◆ Provided material:
————————
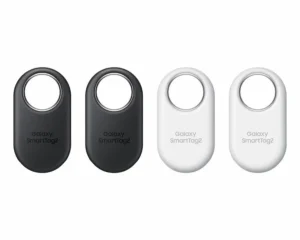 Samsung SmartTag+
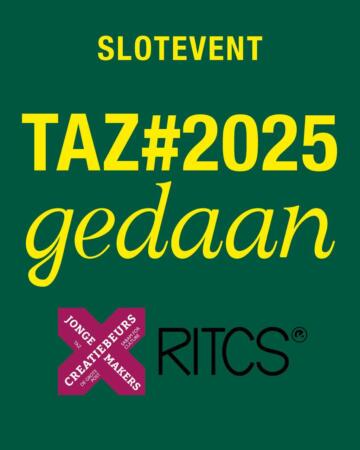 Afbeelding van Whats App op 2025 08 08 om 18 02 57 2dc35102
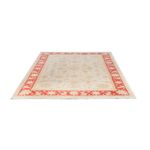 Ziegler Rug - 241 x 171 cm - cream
————————
◆ Your assignment:
For this exercise, write out the listing verbatim and leave every image out.

◆ Written answer:
 Samsung SmartTag+
 Afbeelding van Whats App op 2025 08 08 om 18 02 57 2dc35102
 Ziegler Rug - 241 x 171 cm - cream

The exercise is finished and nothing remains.